Service Interruptions in the Online Learning Environment - Guidelines for Instructors

endorsed by Deans’ Council 19 June 2013

The following guidelines provide recommended actions to take when service disruptions interrupt the online learning environments used for required course activities. They are meant to give instructors and students an idea of what to do and expect. The guidelines are modeled after the university’s Weather / Emergency Closing but are independent of them (see Weather Closing Guidelines).

Online learning environments (e.g., LEARN) include technologies used for teaching, learning, supporting and delivering courses (including syllabi, schedules, tests, assignment drop-boxes, quizzes, labs, tutorials). A “service interruption” means that the learning and teaching technology is unable to perform its normal functions for required course activities. Service interruptions could result from hardware or software problems, a network outage preventing access to systems, loss of power, or other reasons. For purposes of this definition, service interruptions are unforeseen; they do not include scheduled, published down time related to service upgrades or other scheduled maintenance.

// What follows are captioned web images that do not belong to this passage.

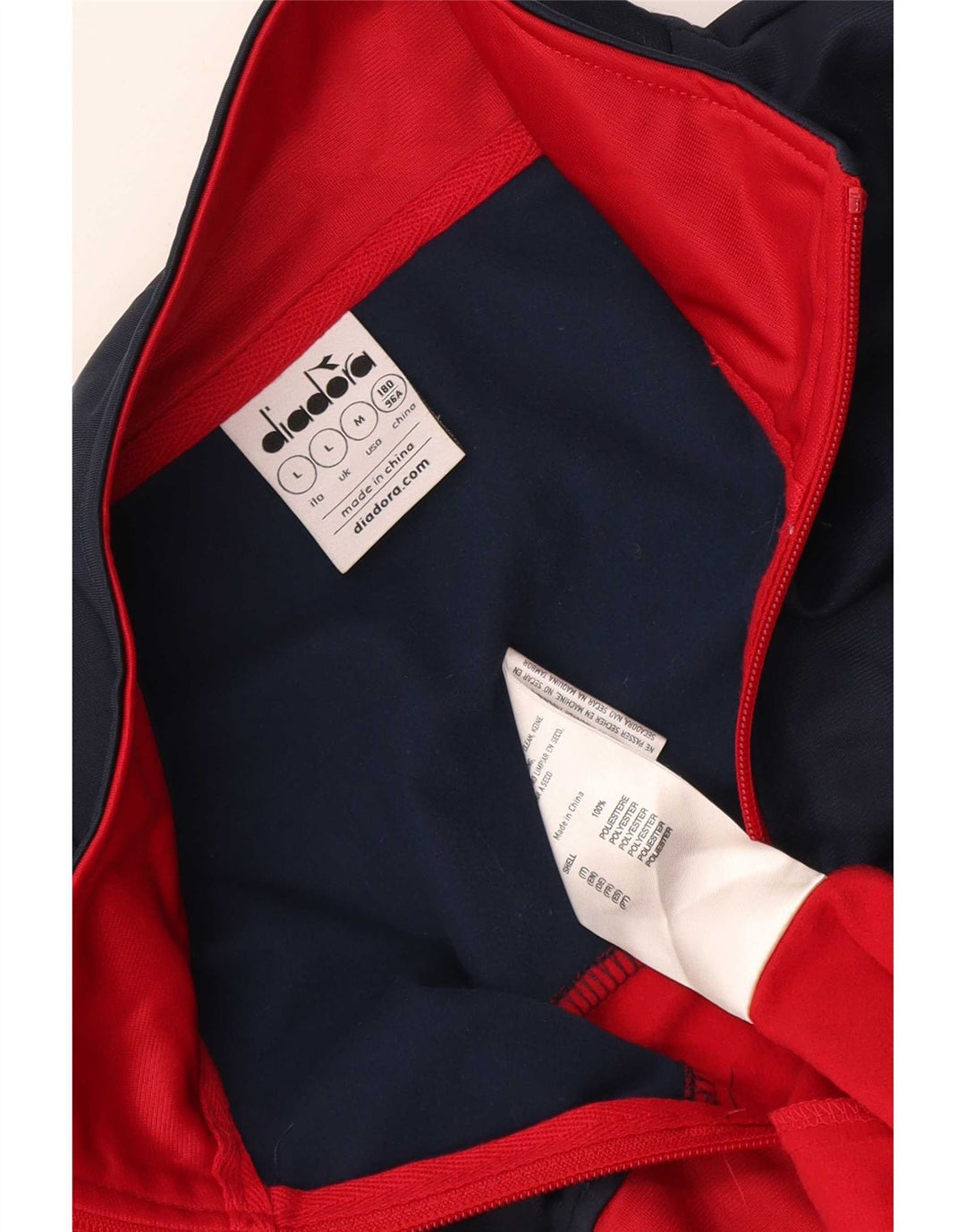 Diadora Mens Tracksuit Top Jacket Grande Poliéster Colorblock Vermelho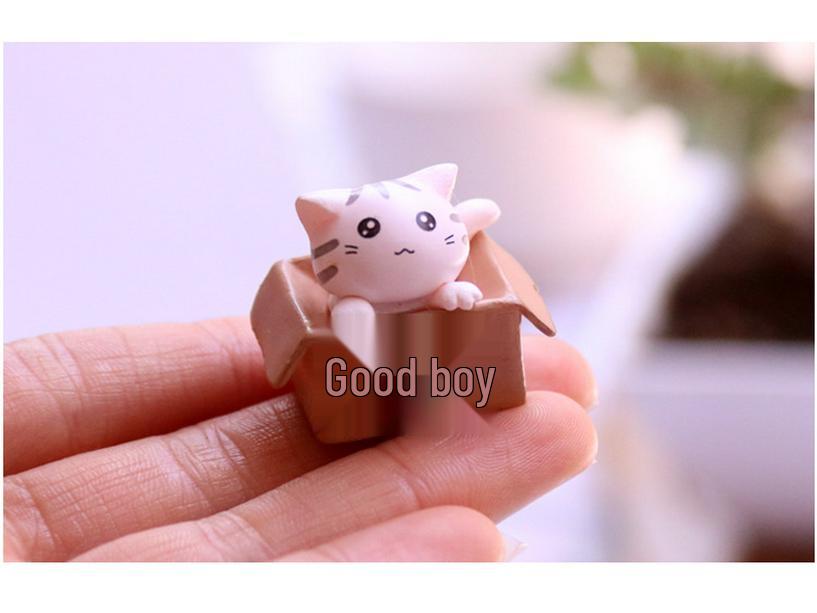 Private House Cat Kitten Plush Car Pendant: Micro Landscape Ornament & Succulent Blind Box Cake Decor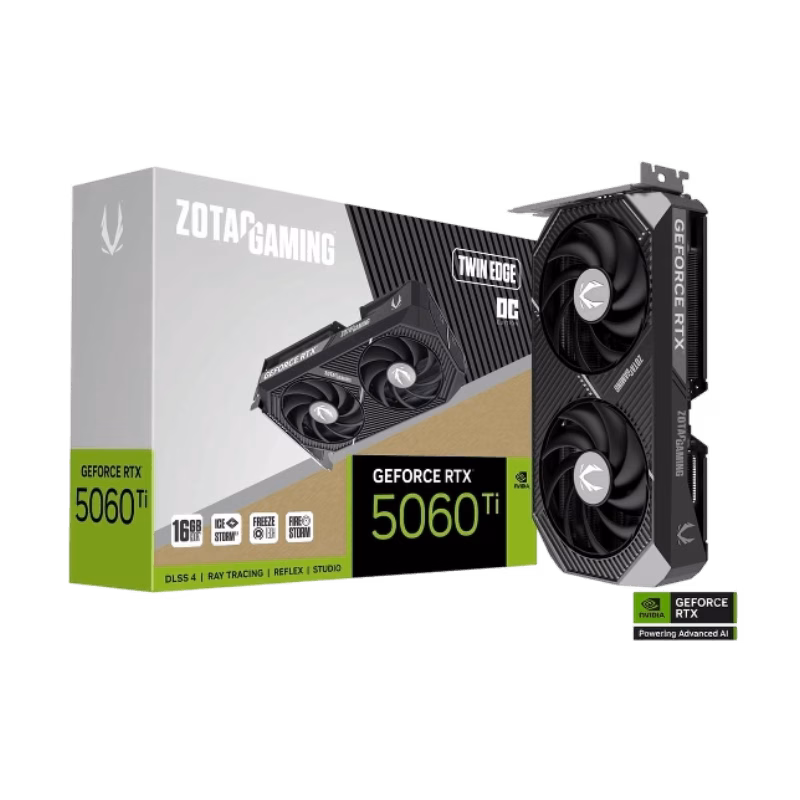 ZOTAC GAMING GeForce RTX 5060 Ti 16GB Twin Edge OC Graphics Card | ZT-B50620H-10M 3 years warranty | Tax Free
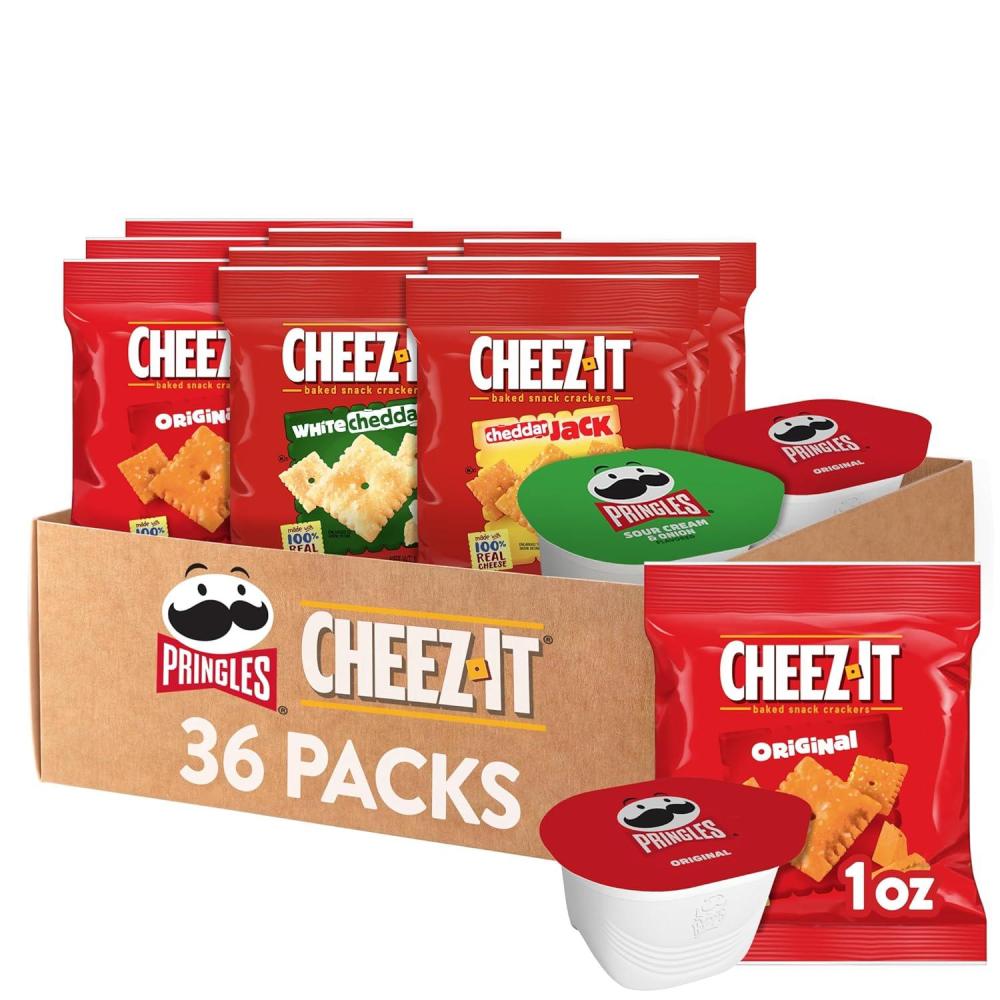 image:imagePringles and CheezIt Variety Pack Lunch Snacks Kids Snacks Variety Pack 36 CountPringles CheezIt Variety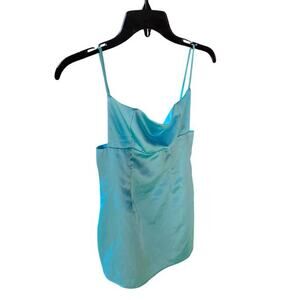 Like New Lucy in the Sky Satin Fitted Mini Dress Turquoise Small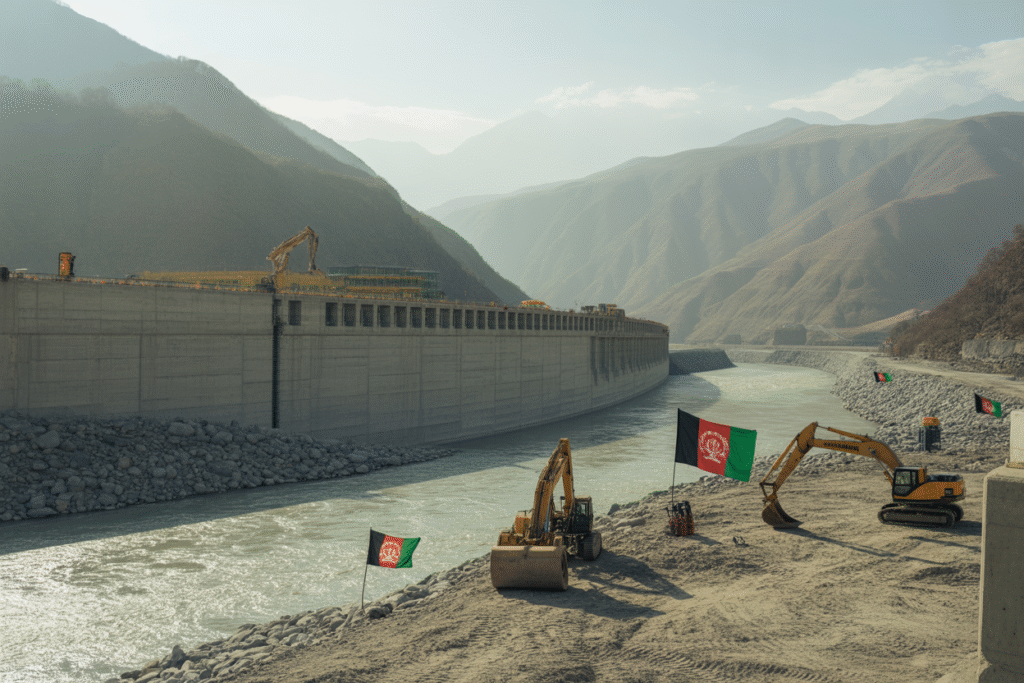 A view of the under-construction dam on the Kunar River in Afghanistan, with Afghan flags marking the site symbolizing Kabul’s move to restrict water flow to Pakistan amid rising regional tensions. (Image: AI Generated)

In the event of a protracted service interruption (four hours or more), deadlines related to electronic access to resources, tests and quizzes or submission of assignments or other course material due on the day of the outage must be postponed as appropriate.

  • For all interruptions of over four hours, the deadline will normally be postponed for 24 hours after the service is restored.
  • For deadlines on a Friday or the day before a university holiday, the earliest revised deadline will be the next business day.

If a course activity was underway at the time of the outage (e.g., an online quiz, or a due date window for uploading an assignment to a drop-box), instructors should use judgement in determining a fair process to continue the activity for all students. If the outage occurs before or during the exam period, instructors need to determine the impact on the students’ ability to prepare for the exam and act accordingly. Information about postponements should be communicated clearly by instructors to students, using email as the primary mechanism, and whatever additional methods are feasible. The LEARN Help site will provide advice on contingency tools to continue with some course activities.